Having made such a startling breakthrough with 'Memento', British director Christopher Nolan then had to face the fact that, no matter what he did in the future, his films would always be judged with 'Memento' in mind. Nolan's career however has been anything but a case of too much too soon - he followed up 'Memento' with the accomplished thriller 'Insomnia' and showed that a massive budget held no fear for him with his resurrection of Batman in the Christian Bale-starring 'Batman Begins'. Now comes 'The Prestige', the first film from Nolan that's not a 'must see' but still one with plenty to admire.

Based on the 1995 Christopher Priest book, 'The Prestige' tells the story of two rival magicians in late 19th and early 20th Century England. Once friends, Angier (Jackman) and Borden (Bale) became bitter enemies after a magic trick ended in tragedy and as each has climbed the ladder of success they've made sure to knock one another down a rung or two wherever possible.
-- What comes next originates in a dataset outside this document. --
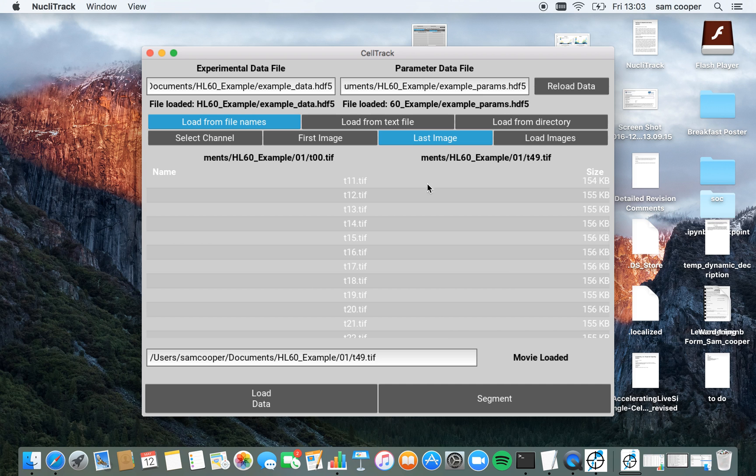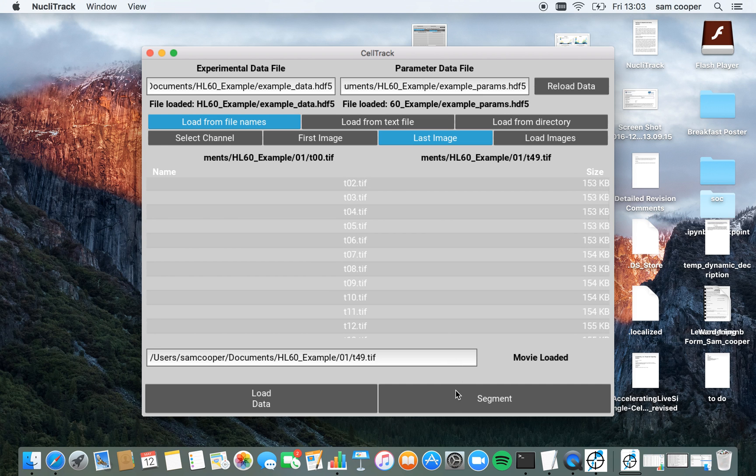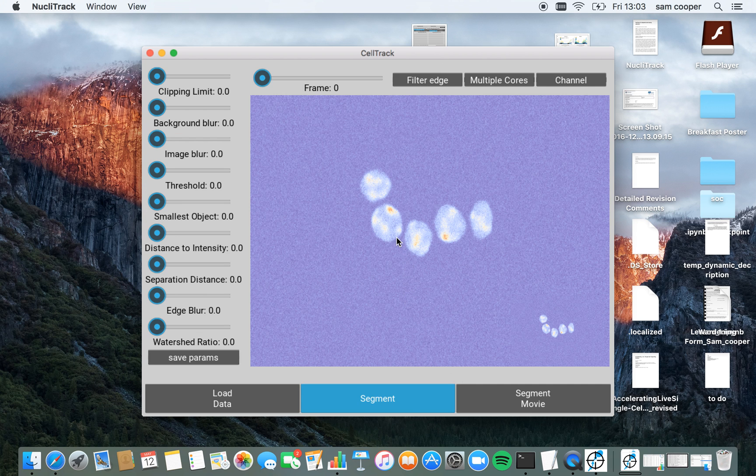Clicking load images now automatically loads all of these images. Now these images are loaded, I'm able to segment them. So I click on this segment button here, I transfer to the segment user interface.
Both are searching for the ultimate legend-making trick, and as their battle of wits escalates, heartbreak and death lie in store.
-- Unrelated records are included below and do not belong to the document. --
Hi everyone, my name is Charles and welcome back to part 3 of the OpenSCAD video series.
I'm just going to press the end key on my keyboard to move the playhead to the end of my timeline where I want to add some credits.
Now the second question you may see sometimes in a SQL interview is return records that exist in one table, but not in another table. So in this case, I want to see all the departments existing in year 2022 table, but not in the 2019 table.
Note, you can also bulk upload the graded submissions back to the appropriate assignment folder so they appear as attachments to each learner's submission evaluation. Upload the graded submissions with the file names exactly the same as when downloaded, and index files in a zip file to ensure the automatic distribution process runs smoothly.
Nolan's films have always won praise for their visuals, attention to detail and the performances he gets from his actors and his latest study of identity and deception scores highly in all three areas. In Bale and Jackman he has two great leads, perfectly cast as the rough-but-more-talented magician Borden and smoother uppercrust showman Angier. And they're backed by a strong supporting cast, from Caine as Angier's right-hand man to Johansson as the assistant who ends up working for both men and Bowie as the inventor Nikolai Tesla, whom Angier turns to in his bid to go down in history. Throughout the film is beautiful to look at and the insights into how magic tricks are constructed is brilliant.

The problem with 'The Prestige' is that while the plot has plenty of turns, it's not too hard to see a major part of the twist long before it happens. Even those of us who aren't world beaters at second guessing could see this one coming and in a film about sleight of hand that's an even bigger disappointment than usual. That said, Nolan is such a good director that his film remains engrossing and entertaining right to its defining image at the very end.

You'll still have questions afterwards, just not as many as Nolan had the power to conjure up.